Monday, February 26, 2007

Mark Twain Was Right

Everyone knows that old wag by Mark Twain that goes There are three kinds of lies: lies, damned lies and statistics. Truer words were never spoken. It's not so much that people who use statistics are trying to lie. Instead, in many cases statistics are used inappropriately and lend too much gravitas and certainty to an unknown situation. Unlike scientists, business people rarely make inquires as to research methods and models. If there are numbers in front of us, it's much easier to believe whatever point someone is trying to make. We tend not to question the statistics in the same way we would a financial information.

So why the rant? The trigger was a rather good article I read in InfoStor. The article was examining the shift from older storage protocols such as parallel SCSI and ATA to more modern ones such as SAS or SATA. I absolutely agree with the premise that we are shifting away from parallel protocols - a vestige of the ancient world in computing terms - to serial ones. I also agree that it is happening rapidly. So far, I'm completely on-board.
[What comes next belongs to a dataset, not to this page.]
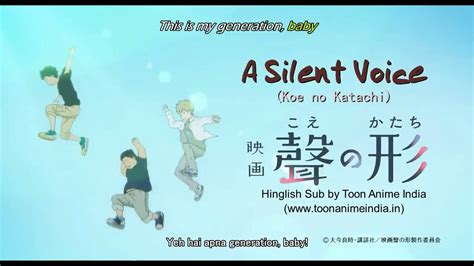 Pilih link di bawah ini untuk mendapatkan link download anime koe no katachi sub indo. KOE NO KATACHI DOWNLOAD FULL MOVIE ENG SUB KOE NO KATACHI ...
What caused me to get seasick was not the article per se but the graphics that accompanied it. They had two sets of pie charts, showing changes in the market share of the different storage protocols from 2006 through 2009. What was jarring was how different they were.

Now, I can understand perfectly how the 2008 and 2009 numbers could be very different. Different forecast models will yield different results. It's why it is important to understand the model used in quantitative research before using the information to make a decision. It is a prediction that looks more precise because it uses numbers instead of words. If I said that by 2009 SAS and SATA would comprise the majority of the storage protocol market, it would be easy to discount it as my opinion, no matter how informed that opinion was. If I told you that “Research shows that SAS will encompass 45% of the market and the next largest share would be SATA at 30%” it would sound much more believable. They are both predictions but the latter sounds more credible because I used some numbers. The assumptions underlying those numbers are rarely questioned. If you don't understand the model then you have no way of knowing if the numbers are just a guess or how good a guess they are.

What caught my eye was the difference in the 2006 numbers. For example, the parallel SCSI share percentages differed by roughly 6 percentage points (43% vs. 49%). This is a substantial gap, especially when it's not a forecast anymore. Now, I know how this works. How you count impacts the numbers. If you tally up the number of chips sold versus the number of ports sold, you will get different amounts. The former actually includes some future “ports” or other uses. One may overcount and the other undercount. It's also the case that these numbers are still part forecast. The last quarter for many companies has yet to be reported. Again, this is why understanding how these numbers are arrived at is tremendously important for decision makers.

In case someone may be thinking that this is a case of professional envy, put that out of your mind. I purposefully don't do quantitative research for this very reason. People should accept my opinions for what they are. Informed and insightful analysis but not certainty. Too many people accept relatively simple statistics as a sure thing, as truth. They're not and should be examined with a critical eye. Besides, the reported statistics are unusually simple. We tend to think that's enough. Basing any conclusion on a frequency distribution would be laughable in modern social science research.

I have nothing against statistics or the analysts that use them. In most cases, I have great respect for their insights. That doesn't mean that their methods should not be scrutinized by a consumer. As these charts show, not everything is what it seems and nothing should be taken on face value.